Mais nous ne pouvons plus retenir notre souffle. Il est temps de lancer un cri puissant et unifié pour défendre notre droit de choisir ce que nous faisons de notre corps et de notre avenir. Et cela signifie qu’il faut s’attaquer à la Cour suprême, au Sénat, à l’obstruction et à toutes les mesures antidémocratiques de l’État qui se dressent sur notre chemin.

Les droits de personnes LGBTI et le droit à l’avortement ne pourront être arrachés que dans la rue, de manière indépendante, sans dépendre des calculs électoraux des Démocrates aux Etats-Unis.

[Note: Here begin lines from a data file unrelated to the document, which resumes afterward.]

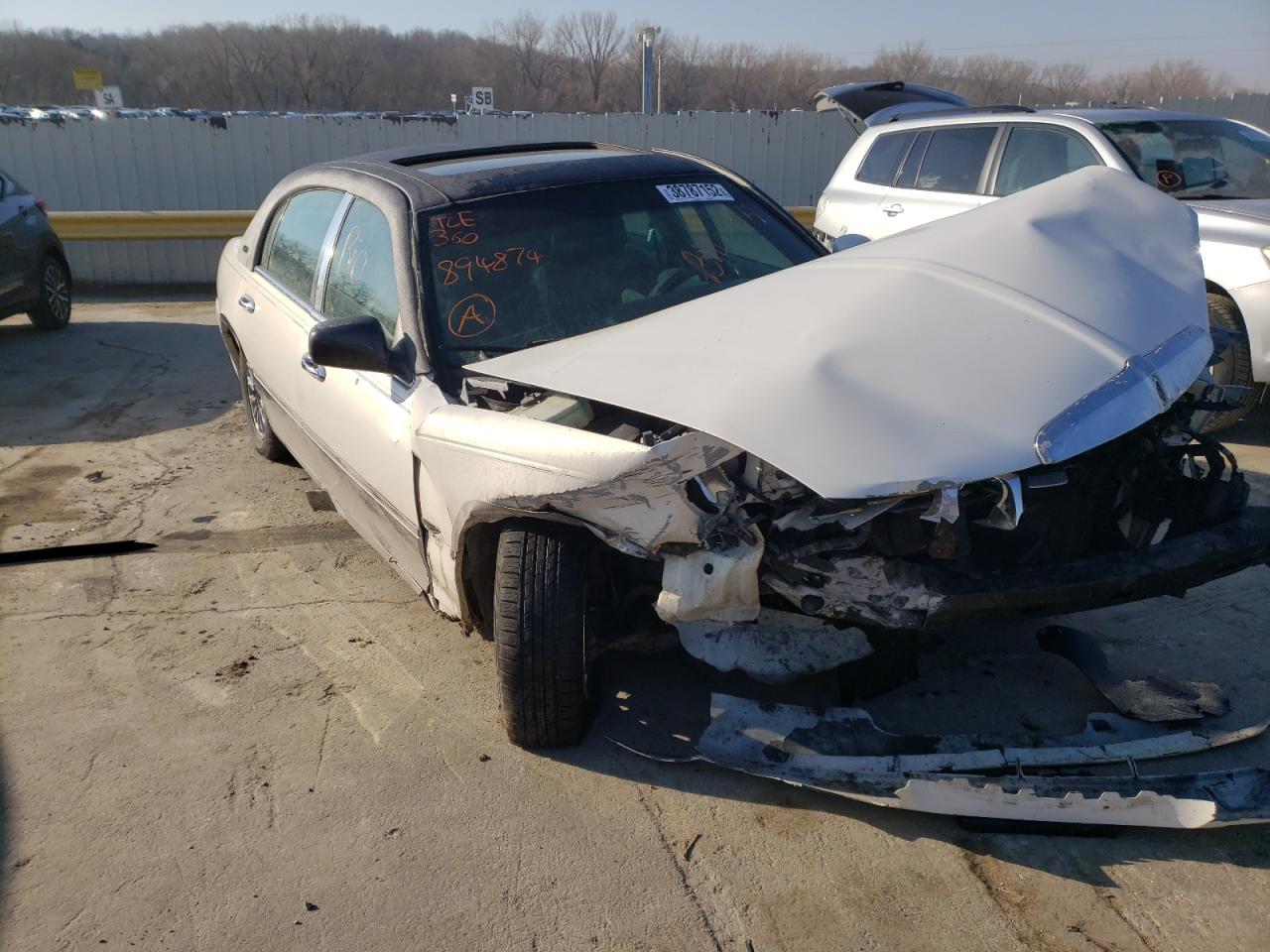 Photo 1 from auction – 2000 LINCOLN TOWN CAR S with VIN 1LNHM82W2YY894874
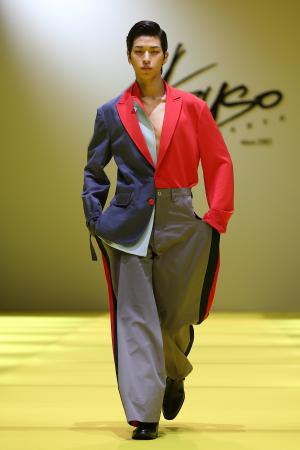 [S포토] 디자이너 장광효의 카루소(CARUSO) 컬렉션 LOOK 10 (2020 S/S 서울패션위크)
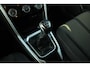 Volkswagen T-Roc 1.0 TSI 110pk Life 75 Edition | Allseason Banden | Apple CarPlay & Android Auto | Active Info Display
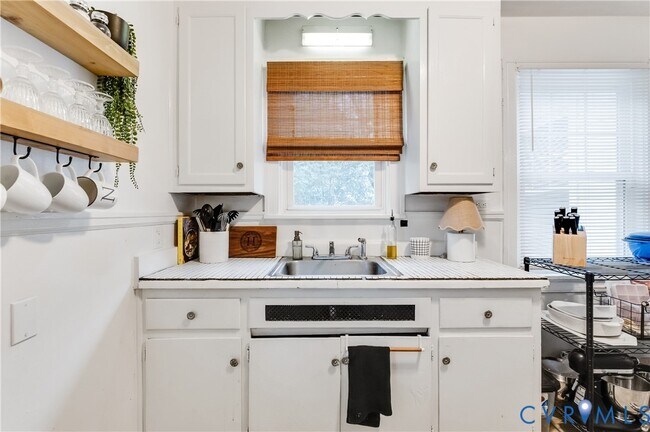 Building Photo - 2103 Pinetree Dr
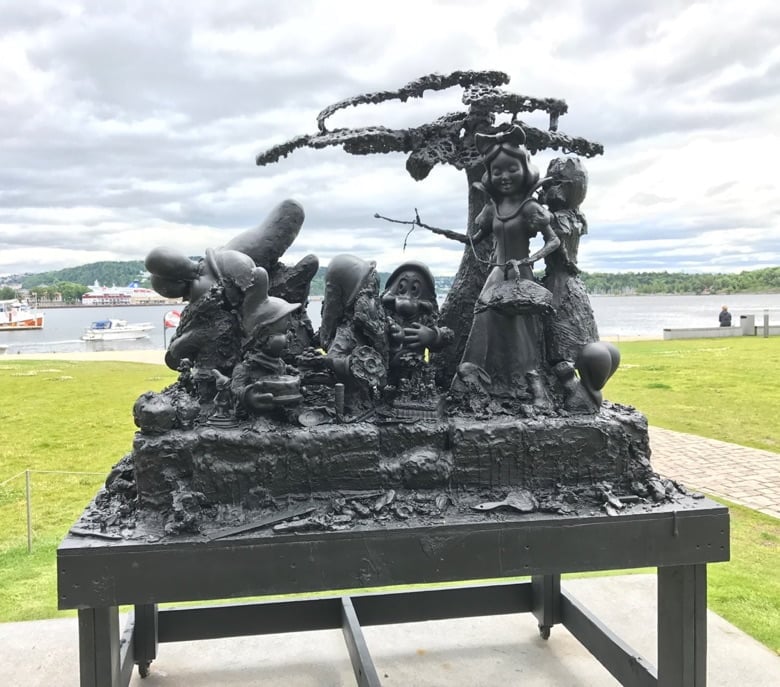 L'art à Oslo : Un guide de voyage sur le thème de l'art 34 Sculpture de conte de fées à Tjuvholmen, Oslo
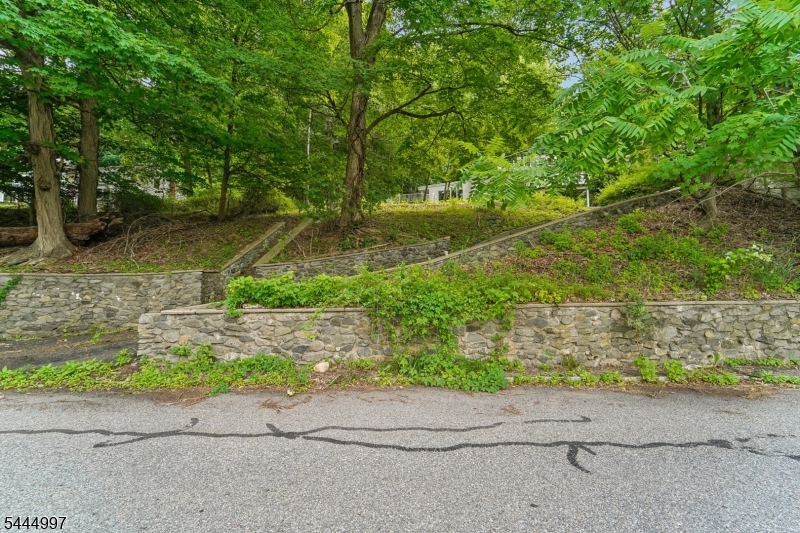 157 W Lindsley Rd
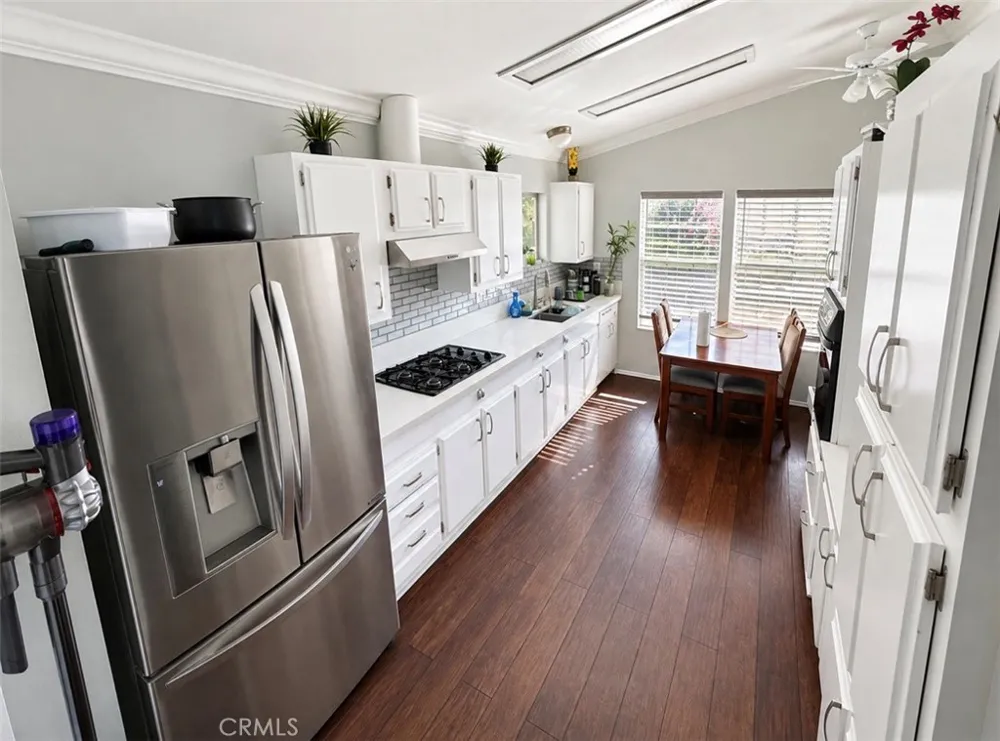 27361 Sierra Highway #159 Canyon Country, CA 91351
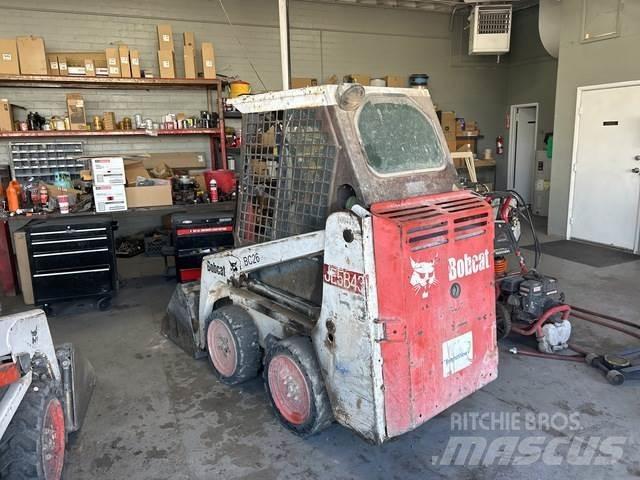 Bobcat 463 滑移装载机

Ici en France, où prolifèrent les mêmes rhétoriques réactionnaires dans l’assemblée, les médias, tout au long des présidentielles par les candidats d’extrême-droite, mais aussi par des groupes de militantes transphobes qui se réclament du féminisme, il est important de rappeler l’importance d’un mouvement féministe et LGBTI fort et indépendant de toute institution de l’État, qui se positionne fermement pour l’autodétermination contre toutes positions réactionnaires qui défendent une vision étroite de la société et du genre, essentialisant et réduisant les femmes à la norme biologique et à la notion de fertilité.